[gnutls-dev] Re: living without global variables

Mon Dec 26 13:10:44 CET 2005

> 
> bryanh at giraffe-data.com (Bryan Henderson) writes:
> 
> >>The entire tree is constant as well.
> >
> > That's great.  I really couldn't tell just what information 
> is in there.
> > What is it, anyway?  Something you can explain quickly?
> 
> It is the ASN.1 schema for various PKCS and PKIX standards, in a
> compiled form for libtasn1.  The variables are constant and read-only
> throughout the lifetime of the GnuTLS library, except for when it is
> deallocated in gnutls_global_deinit().
> 
> Perhaps GnuTLS should deallocate these variables in an `atexit' hook
> instead.  Then it seem all of this problem would go away.  In GNU
> libc, atexit hooks are even called if GnuTLS was dlopen+dlclose'd.
> gnutls_global_deinit() would then only call gc_done().
> 

Use of atexit is not portable. On many platforms atexit routines get
call when program terminate. Using in a DSO can lead calling not
existing code. I did some research in how to handle this but I didn't
find a portable way to do this... If you detect gcc the better solution
is to use __attribute__((destructor)) (not easy to check this on
configure script). 

...
> 
> > But there's still more work to do.  It isn't thread-safe.  Often, a
> > program is modular in that two threads are executing separate code
> > independently.  If both of those threads decide to use the 
> facilities
> > of the gnutls library, they might simultaneously call
> > gnutls_global_init() and the reference count would get screwed up.
> 
> I'm not sure I see the problem here.  GnuTLS should in general be
> thread safe.  Allocating and deallocating these two global read-only
> variables may be the only thing causing problems.  Let's consider if
> both threads call gnutls_global_init() at the same time.  As far as I
> can see, the worst thing that can happen is that there is a race in:
> 
>   if (_gnutls_init++)
>     goto out;
> 
> between checking the variable and incrementing it.  If there is a
> thread context switch between checking the variable and increment it,
> so that both threads read the value 0 from the variable, the worst
> thing that seem to happen is that the global variables are allocated
> twice.  That is a memory leak, but a pretty insignificant one, and one
> that would happen rarely.  There is no serious problem, that cannot
> easily be solved by the caller, as far as I can see.  Nothing else bad
> will happen, as far as I can see.
> 

No, during initialization you set up some linked list so is not a good
idea to initialize them twice at the same time.

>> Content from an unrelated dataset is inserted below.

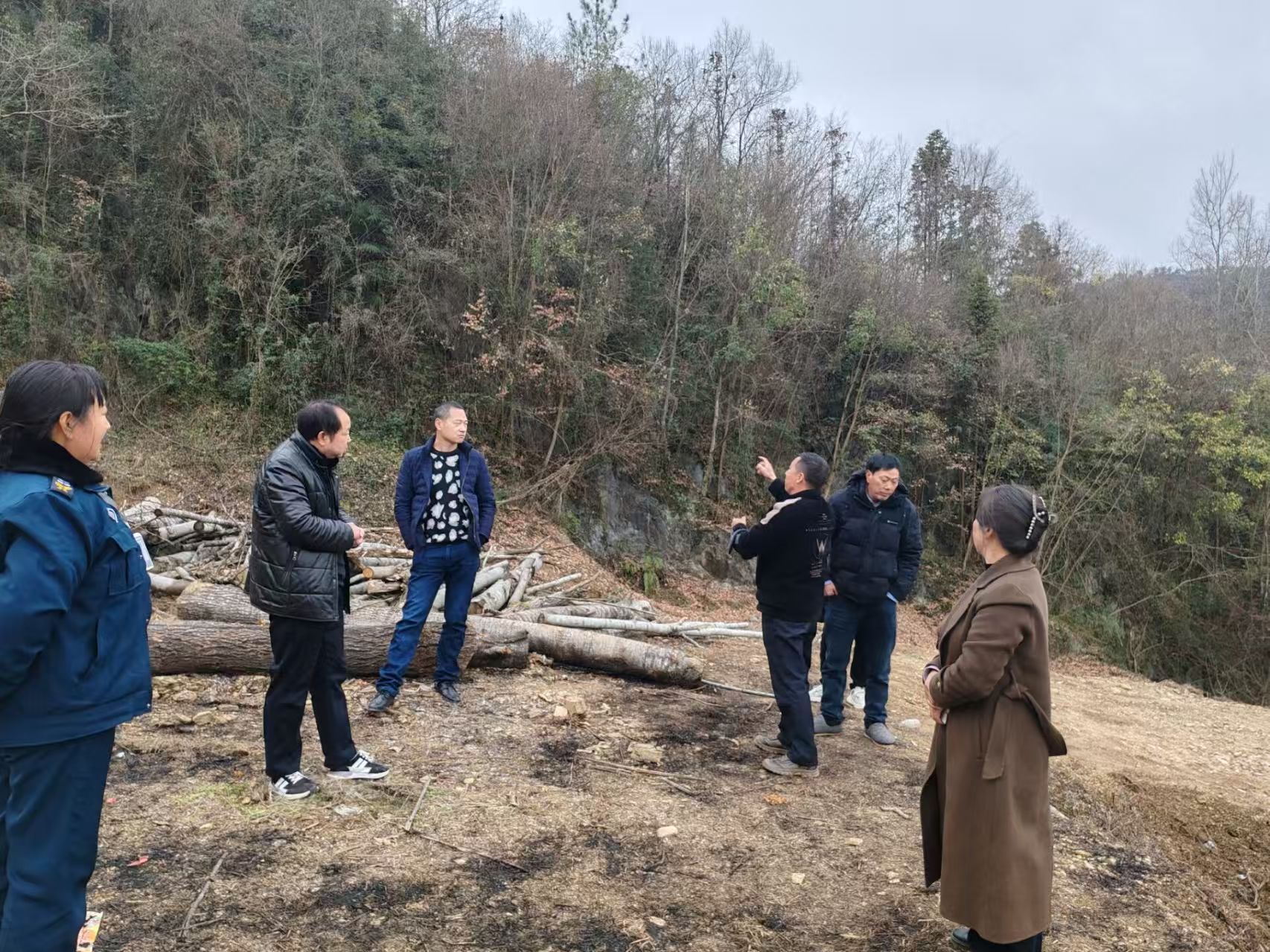 1739332820697248.jpg 33.jpg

> > On the other hand, in what I propose each thread has its own memory
> > and there can't possibly be a conflict.  (The synchronization point
> > moves to malloc(), which is a reliable place for it).
> 
> Alternatively, each thread could do a mutex around the call to
> gnutls_global_init:
> 
>  mutex_get()
>  gnutls_global_init();
>  mutex_release();
> 
> Although I wonder if the complexity is worth it.  The only danger in
> not doing this is that if there is a thread race, you could leak some
> memory.
> 

This do not solve problems if gnutls_global_init is called by two
libraries using two separate mutexes (assuming library A does not know
library B you cannot share same mutex).

> >>Remember that API changes are bad.
> >
> > But API _additions_ are no big deal.  I'm talking about adding three
> > new functions for people to use optionally in place of 
> three existing
> > ones, and people who use the existing ones will see no difference at
> > all.
> 
> Good!
> 

IMHO with some changes is possible to retain also ABI...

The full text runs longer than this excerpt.